Data block.
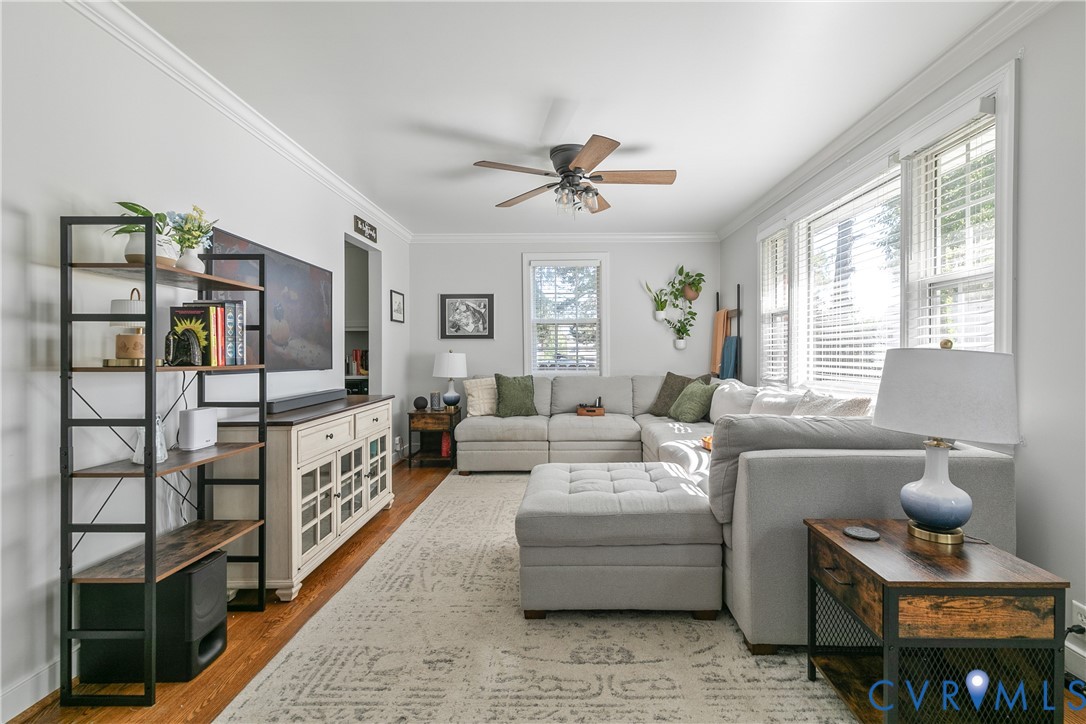 Living room featuring wood-finish flooring, crown molding, a central ceiling fan, and multi-pane windows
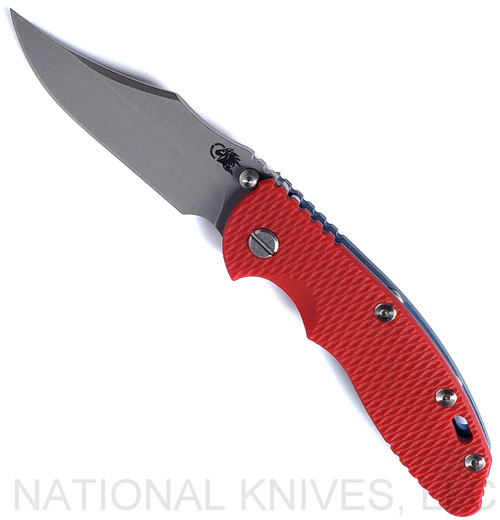 Rick Hinderer Knives Non Flipper XM-18 3.5" Bowie folding knife with thumb stud - shown open presentation side.  Working Finish S45VN stainless steel plain edge blade.  Red G-10 handle with Battle Blue lock side.  Model KXM35NFBOW.
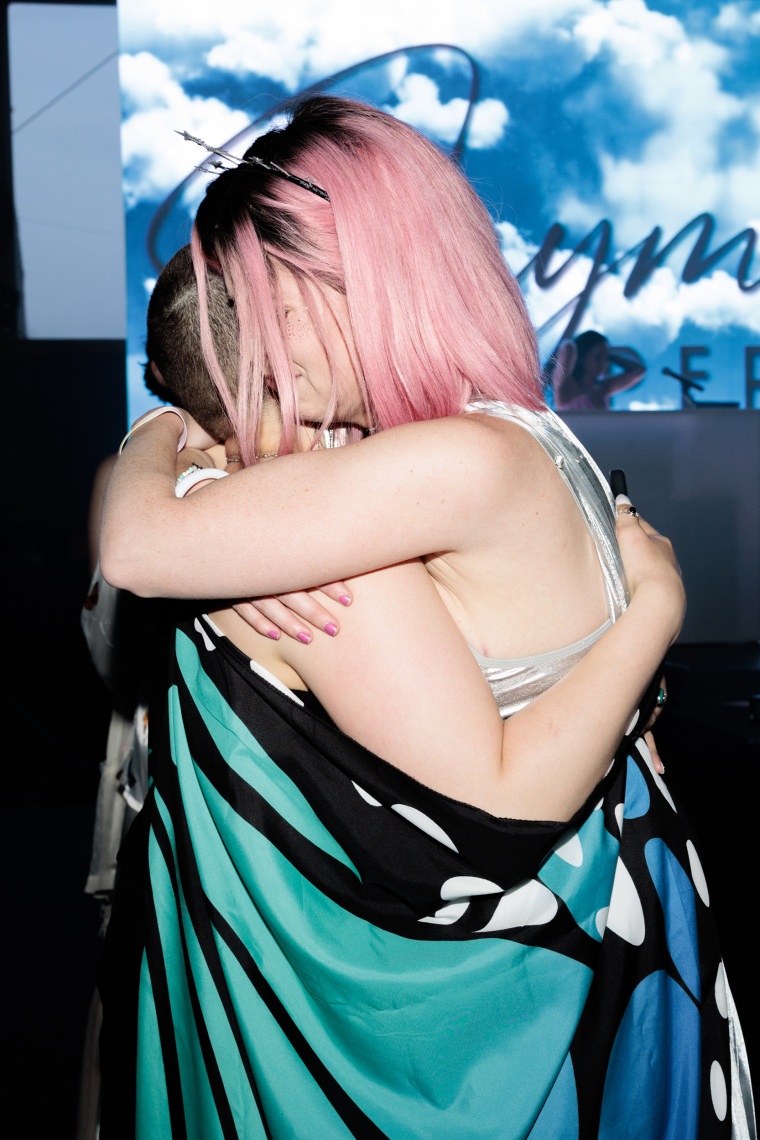 People hug during Breastival.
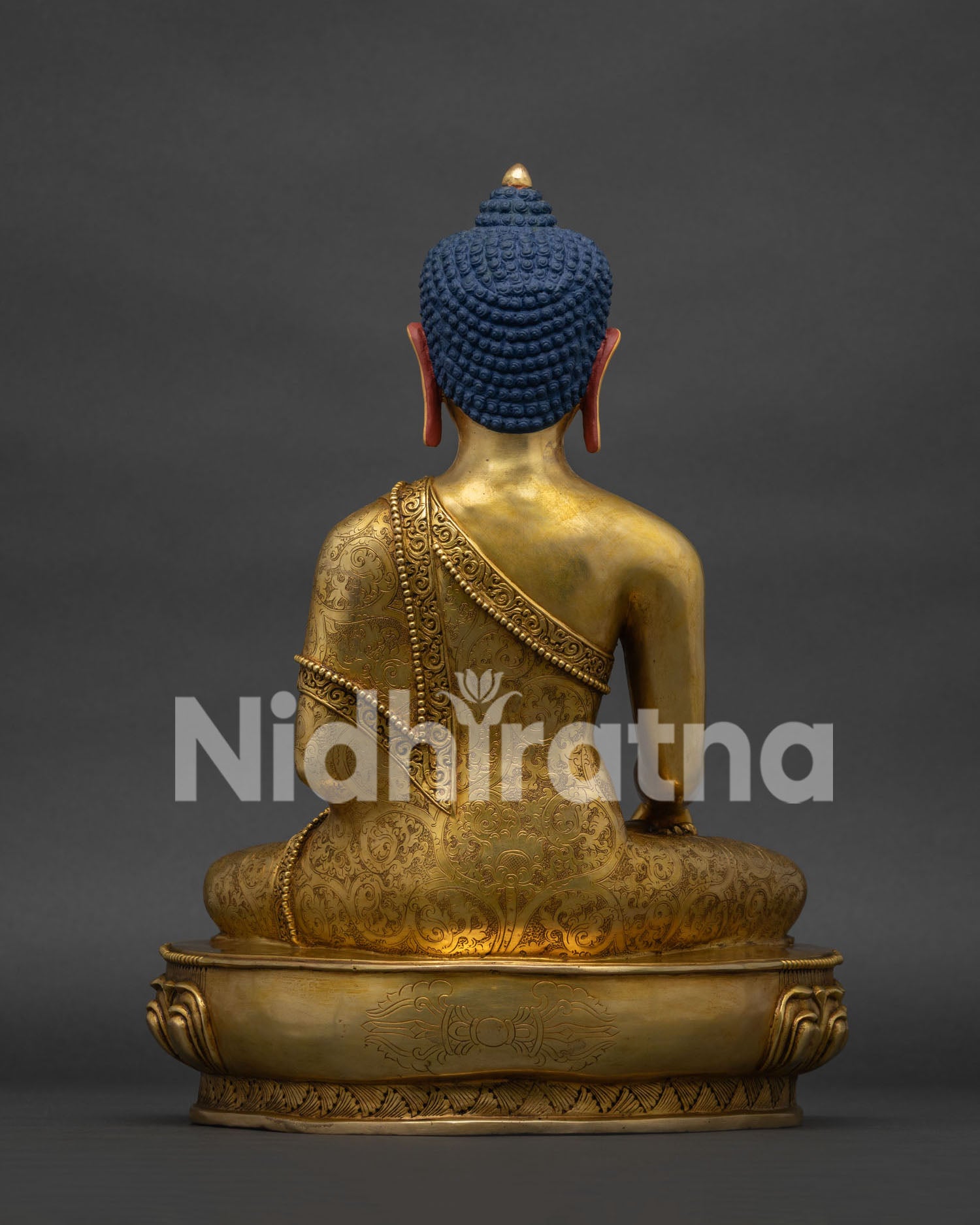 Back view of handcrafted copper Shakyamuni Buddha statue showing detailed monastic robe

What the exercise asks. Strip out the pictures and reproduce the remaining material above exactly.

Solution to this exercise.
 Living room featuring wood-finish flooring, crown molding, a central ceiling fan, and multi-pane windows
 Rick Hinderer Knives Non Flipper XM-18 3.5" Bowie folding knife with thumb stud - shown open presentation side.  Working Finish S45VN stainless steel plain edge blade.  Red G-10 handle with Battle Blue lock side.  Model KXM35NFBOW.
 People hug during Breastival.
 Back view of handcrafted copper Shakyamuni Buddha statue showing detailed monastic robe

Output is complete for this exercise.